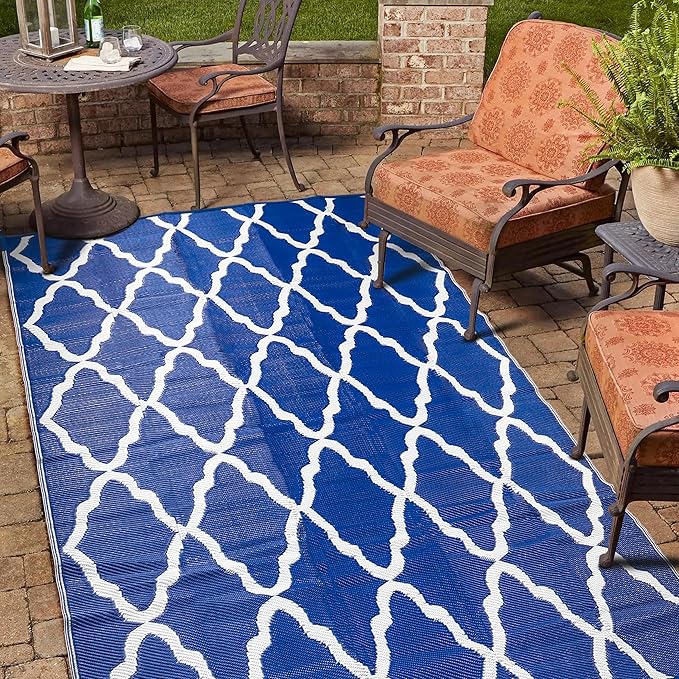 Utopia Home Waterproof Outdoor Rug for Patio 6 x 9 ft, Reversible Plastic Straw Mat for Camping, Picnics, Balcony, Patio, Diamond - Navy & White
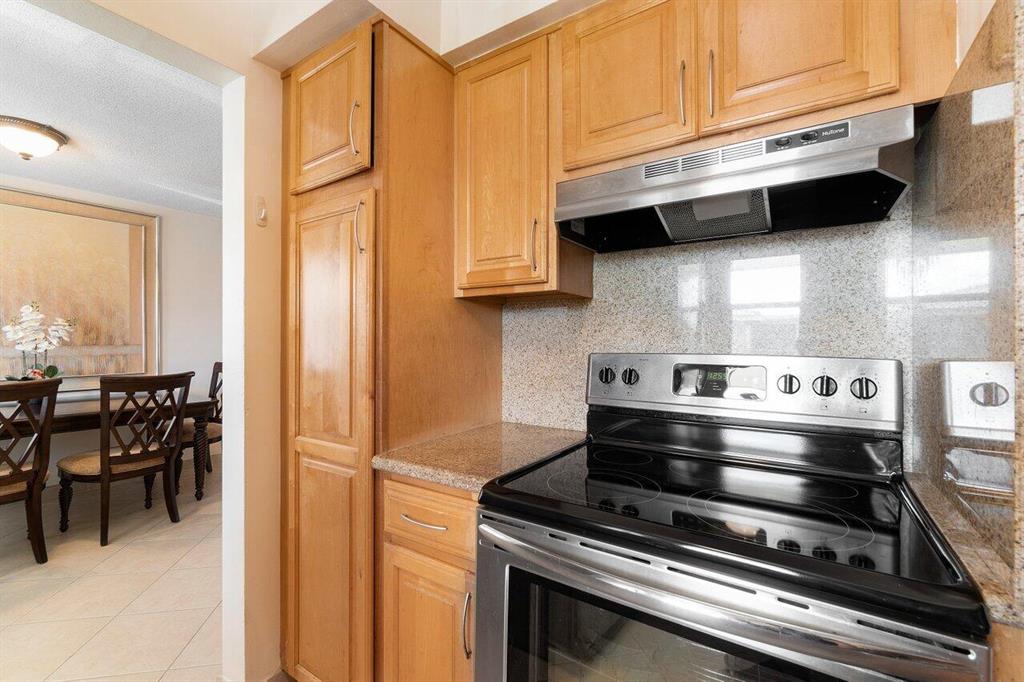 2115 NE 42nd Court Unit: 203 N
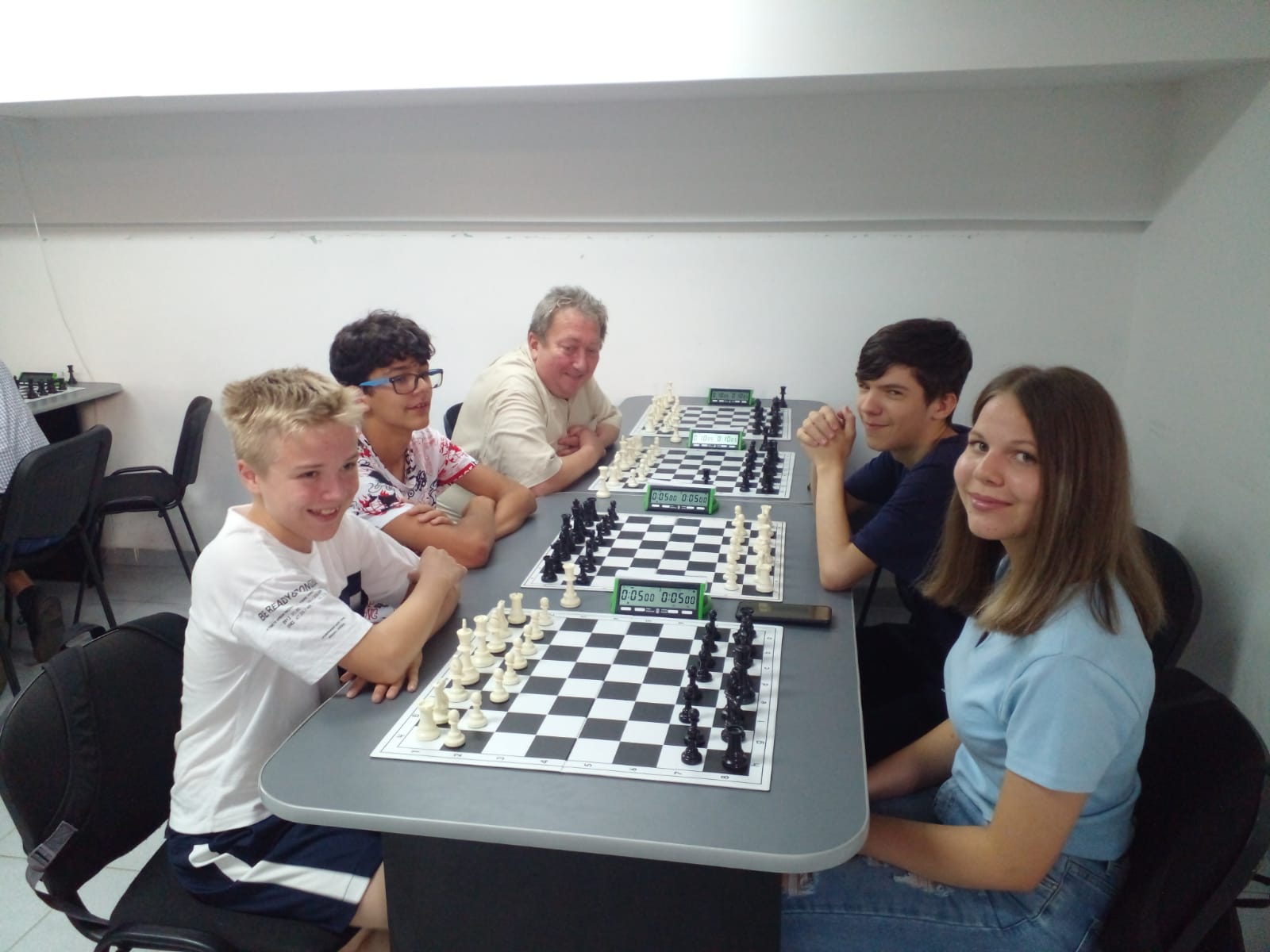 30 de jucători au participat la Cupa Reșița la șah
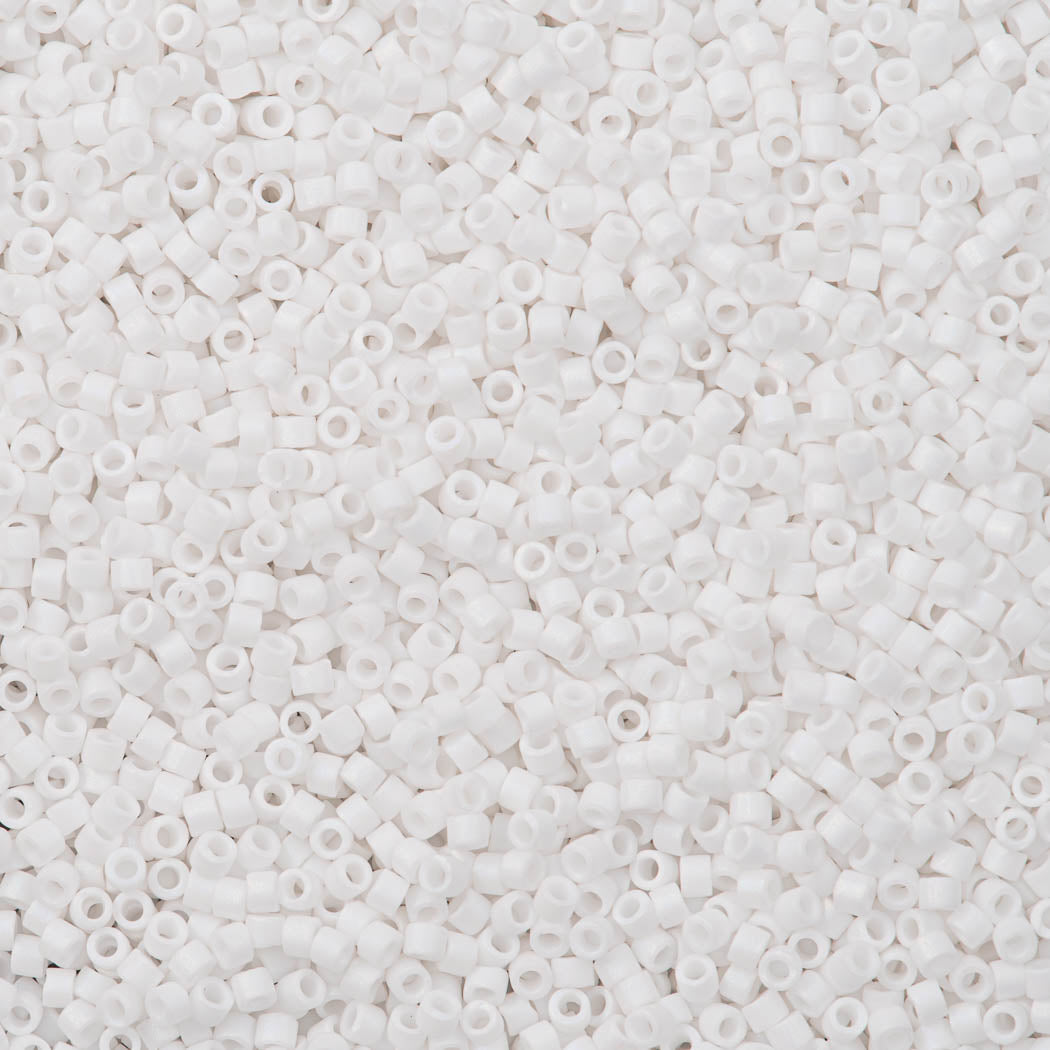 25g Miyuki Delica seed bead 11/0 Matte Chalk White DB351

※ ※ ※

About this task
Beginning at the line with "30 de jucători" and ending at the last line of the listing above, retype each line exactly, including those two lines. Leave the pictures out.

Result
 30 de jucători au participat la Cupa Reșița la șah
 25g Miyuki Delica seed bead 11/0 Matte Chalk White DB351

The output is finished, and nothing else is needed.